Pendant la pandémie de Covid-19, le port prolongé de masque, aussi bien chez les professionnels de santé que dans la population générale, a été l’une des principales mesures de protection mises en place contre l’infection. Différents types de masques ont été utilisés : chirurgicaux, FFP2 et masques « grand public ».
Les masques chirurgicaux ont une capacité filtrante de 95 à 98 % des particules de 3 µm. Ils sont à usage unique et doivent être changés toutes les quatre heures ou lorsqu’ils sont humides. Les masques FFP2 ont une capacité filtrante de 94 % des particules de 0,6 µm. Leur port ne doit pas dépasser huit heures.
Des masques réservés à un usage non sanitaire, dits « grand public », soit à usage unique soit lavables et réutilisables un nombre de fois défini par le fabricant, ont également été utilisés. Ils doivent avoir un niveau de respirabilité permettant leur port pendant quatre heures. Dans un contexte de pénurie, différents masques artisanaux en tissu ont également été utilisés par la population générale.
Conséquences du port du masque sur la peau
Après quatre à huit heures de port d’un masque, aussi bien de type chirurgical que FFP2, on observe, au niveau de la région de peau recouverte, une augmentation de plusieurs paramètres : de l’hydratation, des pertes insensibles en eau, du pH, de la rougeur, de la sécrétion de sébum et de la température cutanée.1 Ces modifications, combinées à la friction et à l’effet occlusif du masque, favoriseraient les dermatoses et en particulier les phénomènes irritatifs locaux. Par ailleurs, les anomalies de la barrière et/ou du microbiote cutané chez des patients avec dermatoses inflammatoires du visage pourraient être aggravées par le port du masque.2
Le port prolongé du masque a ainsi fait émerger des dermatoses du visage. Dans une méta-analyse publiée en 2022 regroupant 37 études observationnelles réalisées dans 17 pays différents dont la cohorte a atteint plus de 29 000 personnes, la prévalence cumulée des dermatoses faciales associées au port du masque était de 55 %.3 Il pouvait s’agir d’une apparition de novo ou de l’exacerbation d’une dermatose préexistante.

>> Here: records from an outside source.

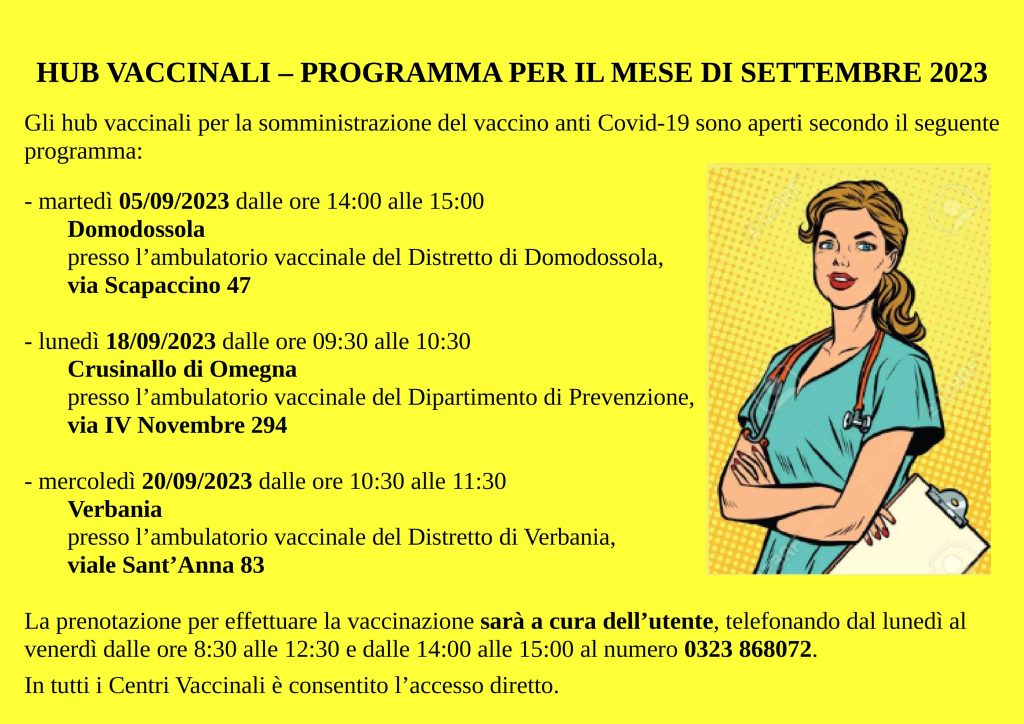 HUB VACCINALI &#8211; PROGRAMMA PER IL MESE DI SETTEMBRE 2023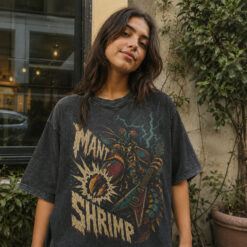 Áo thun Mantis Shrimp Wash - người mẫu mặc áo, góc khác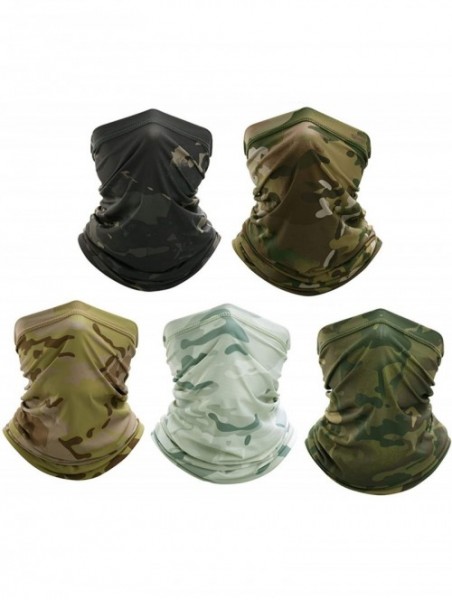 Balaclavas 5 Pack Unisex Sun UV Protection Anti Dust Neck Gaiter Mask Face Cover Bandana - Camouflage - CU1987CQCEN $31.54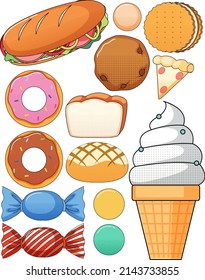 Varios dulces sobre la ilustración de fondo blanco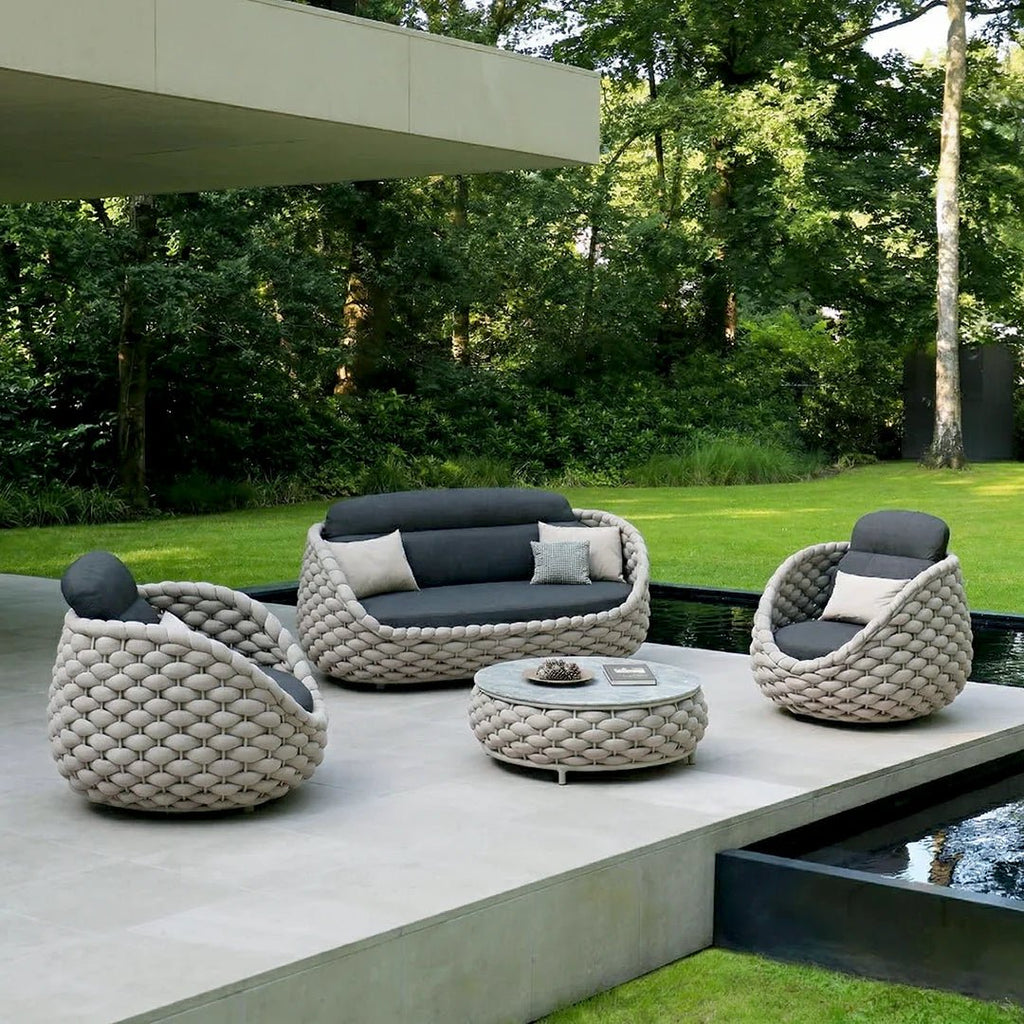Marbella Textilene Rope Woven Outdoor Sofa Set, Grey - Miola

Une étude chinoise a été réalisée sur une cohorte de 404 professionnels de santé : 44 % des 129 soignants ayant une dermatose faciale préexistante (acné, dermatite séborrhéique ou rosacée) rapportaient une exacerbation avec le port du masque dont 43,6 % de ceux ayant une acné, 37,5 % de ceux ayant une dermatite séborrhéique et tous les patients avec une rosacée.2
Une étude italienne a montré une aggravation significative de l’acné et de la rosacée après six semaines de port du masque, en moyenne huit heures par jour.4
Quelles dermatoses ?
Dans la majorité des études observationnelles publiées, le diagnostic de la dermatose faciale ne reposait pas sur une évaluation dermatologique mais sur les déclarations du patient, et certaines études ne rapportent que des symptômes. Ainsi, dans une étude danoise portant sur une cohorte de plus de 10 000 professionnels de santé, 61,9 % rapportaient des symptômes cutanés avec, par ordre de fréquence : rougeurs et peau irritée (38,9 %), taches ou boutons (37,9 %), prurit (32,6 %), peau sèche et squameuse (22,9 %), marques de pression (20,5 %), peau sensible, sensation de brûlure et peau douloureuse (12,4 %), peau grasse ou collante (11,8 %).5 La prévalence cumulée associée au port du masque était de 31 % pour l’acné, 24 % pour la « dermatite faciale », 30 % pour le prurit et 31 % pour les lésions liées à la pression, dermatoses les plus fréquemment rapportées dans les études.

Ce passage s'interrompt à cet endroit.